Vous avez un projet ?

Avez-vous des problèmes de performance ?

Publié le 2 juin 2020
scroll
N’oubliez pas
de partager
cet article

Quand la crise sanitaire impacte les performances de nos applications

La crise sanitaire que nous vivons met à rude épreuve les systèmes d’informations et notamment des composants d’infrastructures plus sollicités qu’en temps normal.

Les services de connexion à distance ou les applications exposées sur internet doivent supporter une très forte hausse de charge d’activité et n’ont pas toujours une architecture et des briques d’infrastructures adaptées.

Ceci engendre dans le meilleur des cas quelques ralentissements et dans les situations extrêmes un arrêt de service.

Les systèmes d’informations étant de plus en plus complexes et les services d’infrastructure toujours plus connectés, il est souvent difficile de déterminer les causes de ces problèmes de performances.

Trop souvent les fournisseurs des solutions vont jouer sur le fait qu’aucun SLA n’a été contractualisé ou bien rejeter la faute sur un autre service d’infrastructure (qui n’a jamais entendu dire que c’était la faute du réseau ?).

Et finalement le client aura perdu du temps, de l’argent et la confiance des utilisateurs.

Adoptons une démarche plus scientifique

Analyser, détecter et corriger des problèmes de performances n’est pas chose aisée et nécessite une approche méthodique et une expertise technique.

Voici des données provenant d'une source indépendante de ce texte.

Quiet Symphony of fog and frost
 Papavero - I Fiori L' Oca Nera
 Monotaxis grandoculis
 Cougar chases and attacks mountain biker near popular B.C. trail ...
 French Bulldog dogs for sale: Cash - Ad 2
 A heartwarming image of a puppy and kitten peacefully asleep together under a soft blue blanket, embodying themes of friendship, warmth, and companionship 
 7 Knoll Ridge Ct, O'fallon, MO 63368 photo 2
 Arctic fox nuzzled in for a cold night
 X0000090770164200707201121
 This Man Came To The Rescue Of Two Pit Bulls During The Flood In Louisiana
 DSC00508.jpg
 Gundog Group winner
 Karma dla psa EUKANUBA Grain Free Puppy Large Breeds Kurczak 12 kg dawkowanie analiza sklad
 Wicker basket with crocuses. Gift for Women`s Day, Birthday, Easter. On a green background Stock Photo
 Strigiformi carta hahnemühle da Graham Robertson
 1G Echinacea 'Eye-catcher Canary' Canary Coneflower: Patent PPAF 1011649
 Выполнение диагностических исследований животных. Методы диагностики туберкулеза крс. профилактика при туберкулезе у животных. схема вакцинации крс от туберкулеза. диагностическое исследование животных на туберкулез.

Pour chaque composant d’architecture nous allons regarder l’activité (nombre d’utilisateurs connectés, nombre de factures saisies…), les ressources (le processeur, la mémoire, les E/S, …) et les niveaux de service (temps de réponse, temps d’attente, temps d’exécution, …).

A partir de ces indicateurs nous pourrons croiser les données pour en extraire des ratios qui mettront en lumière l’impact du nombre d’utilisateurs sur la charge processeur ou le nombre de factures saisies avec le temps d’exécution d’un traitement.

Prenons l’exemple d’un client qui utilise l’application de comptabilité « Lambda ». Cette application est architecturée de manière assez classique avec un service de présentation, un service de traitement et un service d’accès aux données.

En temps normal les utilisateurs de cette application observent parfois des difficultés à consulter certains rapports mais pas au point d’impacter véritablement leur journée de travail.

Après la mise en confinement de la population, l’entreprise a pris la décision de réduire l’activité du service de comptabilité à 2 jours par semaine, spécifiquement les lundi et mardi et en télétravail.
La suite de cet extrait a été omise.